[Task details] Copy from the first line below down to and including the line with "Qualatex Happy Birthday". Skip the pictures.

[Task inputs]
══════════
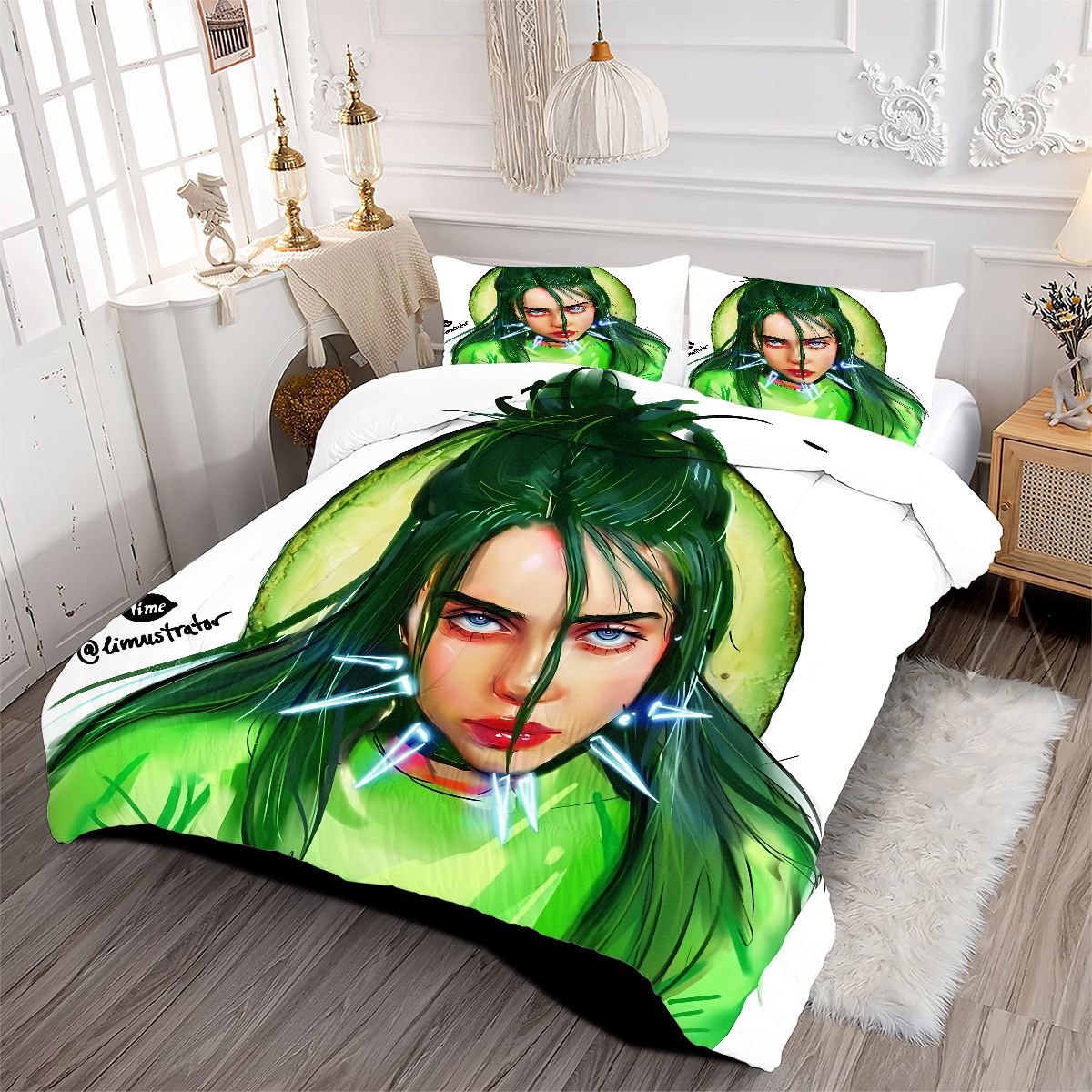 Billie Eilish Bellyache Comforter Pillowcase Sets Blanket All Season Reversible Quilted Duvet
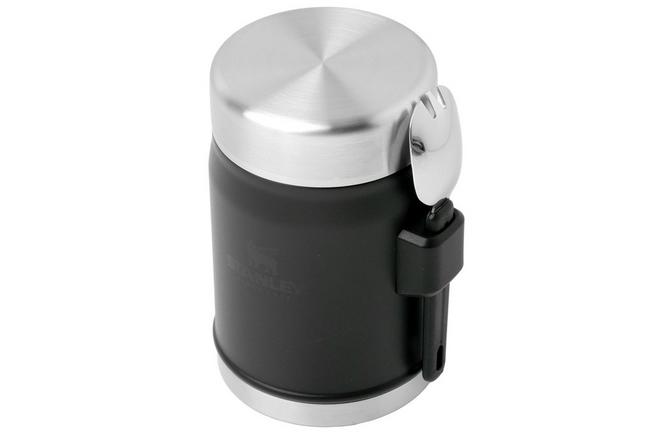 Afbeelding voor Stanley The Legendary Food Jar + Spork 2.0 14oz, Black 10-11353-0105 voedselcontainer met schroefdeksel, 400 ml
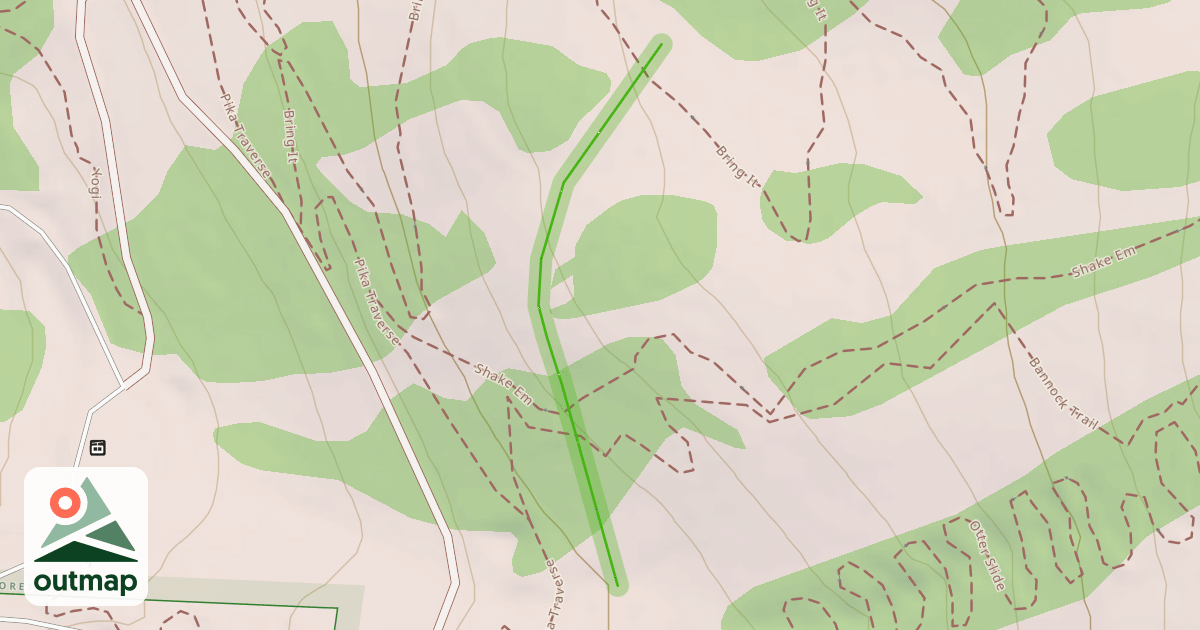 Map of Rainbow Road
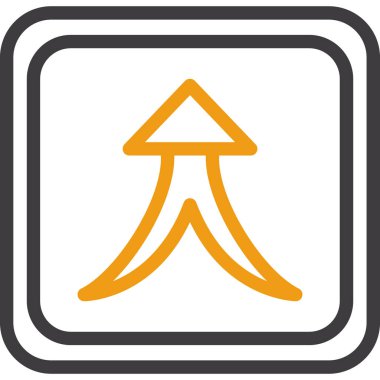 ok simgesi vektör illüstrasyonu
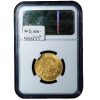 1800 Capped Bust $5 Gold Half Eagle AU58 NGC Cert Back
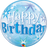 Qualatex Happy Birthday Bubble Balloon -  Blue - The Ultimate Balloon & Party Shop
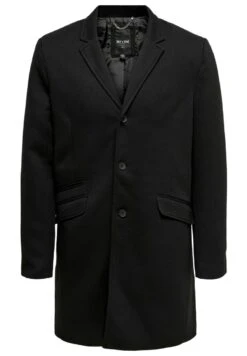 Only & Sons Onsjulian King Coat - Classic Coat - Black -Best Clothing Store 30509c760db4415893d1afab75fbaf84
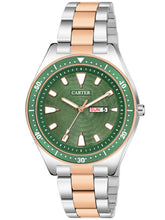 Sandy D Carter Metal Green Analogue Round Watches for Men_Sandy D Carter-174-GR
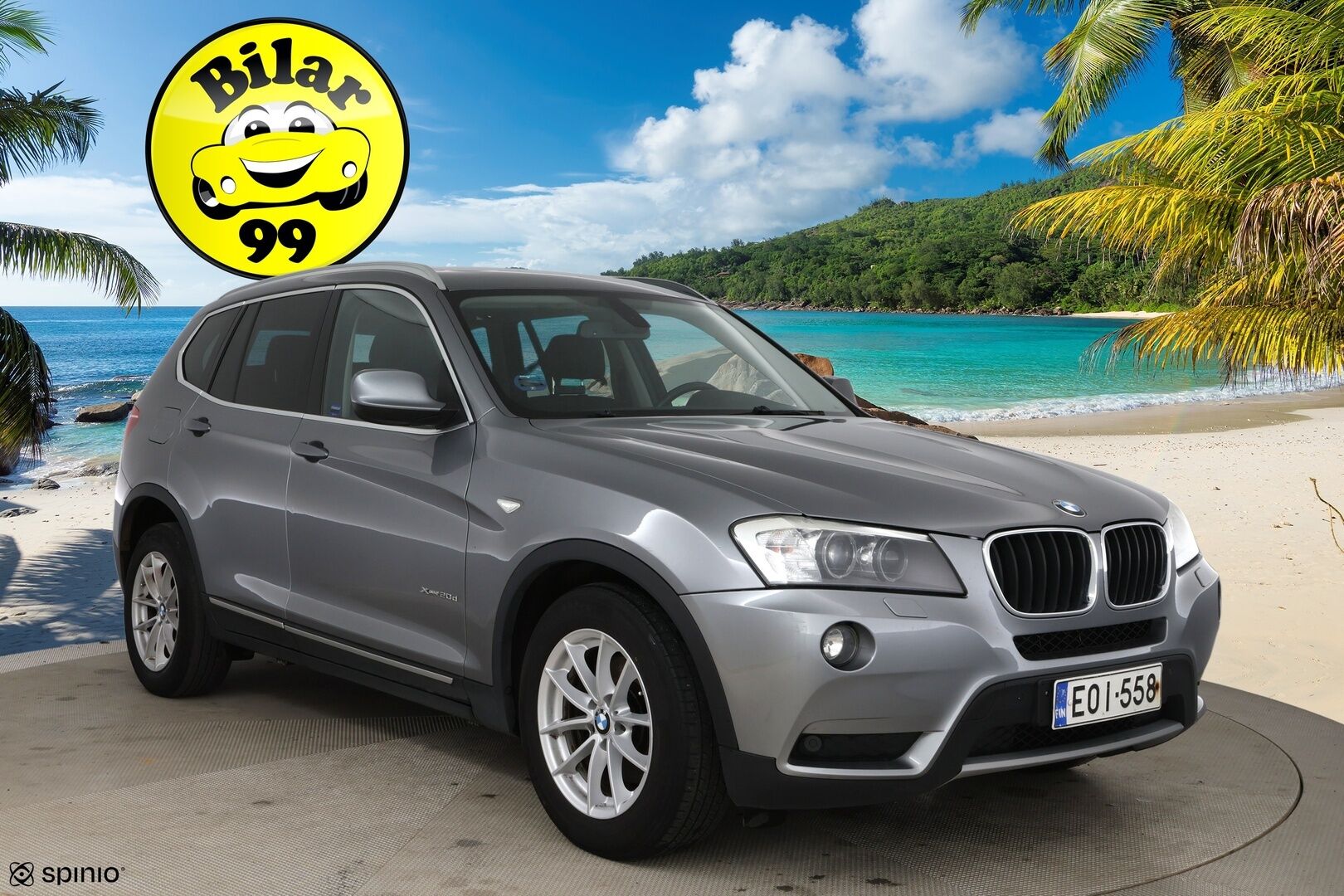 BMW X3 2011 A F25 Business / PA-lämmitin / P-kamera / Prof.navi / HUD / Xenon / Sporttipenkit - Hyvin varusteltu / Tulossa myyntiin!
══════════
[Response]
 Billie Eilish Bellyache Comforter Pillowcase Sets Blanket All Season Reversible Quilted Duvet
 Afbeelding voor Stanley The Legendary Food Jar + Spork 2.0 14oz, Black 10-11353-0105 voedselcontainer met schroefdeksel, 400 ml
 Map of Rainbow Road
 ok simgesi vektör illüstrasyonu
 1800 Capped Bust $5 Gold Half Eagle AU58 NGC Cert Back
 Qualatex Happy Birthday Bubble Balloon -  Blue - The Ultimate Balloon & Party Shop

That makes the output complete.